Trauert die Welt auch um Muslime?

19. März 2019

Macht es tatsächlich einen Unterschied, woran ein Terroropfer glaubt? Im Netz äußern einige Muslime nicht nur diesen Verdacht. Sie machen auch weitere Beobachtungen.

Neuseeland Gedenken an Opfer des Terroranschlags
Bild: Reuters/E. Su

"Die Welt trauert nicht um Muslime." Unter dieser Überschrift umriss der Deutsch-Afghane Daud Noorzai in der Boulevardzeitung "Bild" seinen Eindruck von den Reaktionen der westlichen Welt auf den Terroranschlag von Christchurch, dem am Freitag 50 Muslime zum Opfer fielen. Eindrücke wie Noorzai finden sich auch in vielen Tweets von Muslimen aus der gesamten Welt.

"Angriffe in der westlichen Welt hatten mehr Aufmerksamkeit als ähnliche Angriffe in der Dritten Welt oder islamischen Ländern", schreibt Noorzai. "Diese Gräueltaten hatten mehr Berichterstattung in den Medien, wurden stärker von Politikern diskutiert und lösten eine verstärkte Reaktion der Bevölkerung aus – vor allem über Social Media".
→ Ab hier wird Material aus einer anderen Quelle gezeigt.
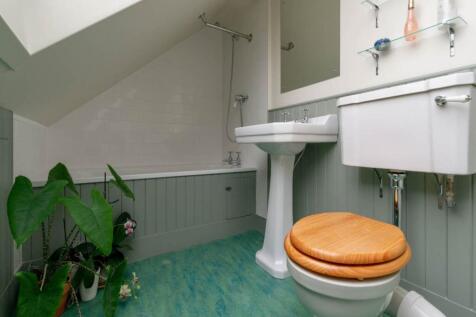 56867_Kemp_Place10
Viele Bürger und Repräsentanten der westlichen Welt hätten ganz unterschiedliche Empfindungen, je nachdem, ob bei einem Terroranschlag christliche oder muslimische oder weiße oder dunkelhäutige Menschen zu Opfern würden, so die Stoßrichtung von Noorzais Kritik. "Ein Angriff auf Muslime - auch in einem Land der Ersten Welt - löst nicht die gleiche Empörung der Medien aus, es gibt keine Märsche von Politikern Hand in Hand für den Frieden oder sofortige Projektionen auf Denkmälern und Gebäuden, um Solidarität zu zeigen."
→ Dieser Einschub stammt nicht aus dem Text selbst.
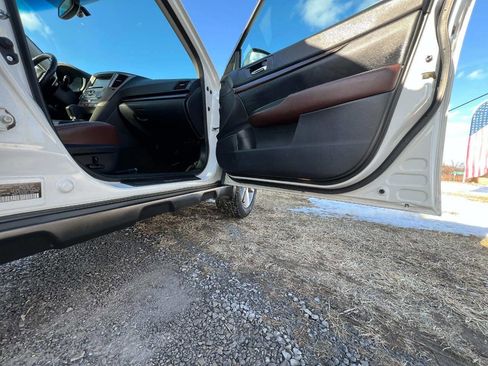Used 2013 Subaru Outback 2.5i Limited w/ Special Appearance Pkg image 19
Vereint in Trauer: Totenlichter in ChristchurchBild: Reuters/J. Silva

Reaktionen westlicher Politiker

Noorzai hat Recht: Zu Trauermärschen von Politikern ist es bislang noch nicht gekommen. Allerdings äußerten sich viele führende Politiker umgehend zu dem Terrorakt von Neuseeland. Der Sprecher der deutschen Regierung, Steffen Seibert, gab noch am Tag des Anschlags per Twitter ein Statement von Bundeskanzlerin Merkel bekannt:

Auch der französische Präsident Emmanuel Macron äußerte sich zu dem Attentat. Alle seine Gedanken seien bei den Opfer des abscheulichen Verbrechens von Christchurch, so Macron auf Twitter. Frankreich stelle sich gegen jede Form von Extremismus und gehe mit seinen Partnern gegen den Terrorismus in der Welt vor.
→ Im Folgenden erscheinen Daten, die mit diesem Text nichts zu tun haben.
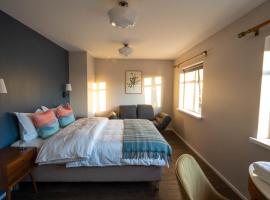 Soti Lodge, hotel med pool i Fljot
Doch auch dieser Tweet wurde kritisiert. Ein User namens "Fays" schreibt, es sei furchtbar, dass Macron nicht den Täter selbst erwähnt und als "Terroristen" bezeichnet habe.

Die Äußerung von Fay bleibt nicht ohne Widerspruch. Zahlreiche User weisen darauf hin, dass Macron wenn nicht das Wort "Terrorist", so doch den Begriff "Terrorismus" gebraucht habe.

Vorwurf manipulierender Berichterstattung

Auch der britische Extremismusforscher Asim Qureshi kritisiert die Beileidsbekundungen einiger westlicher Politiker. Sie hätten versäumt, darauf hinzuweisen, dass es sich bei den Opfern um Muslime handele, schreibt er in dem Internetportal "Middle East Eye".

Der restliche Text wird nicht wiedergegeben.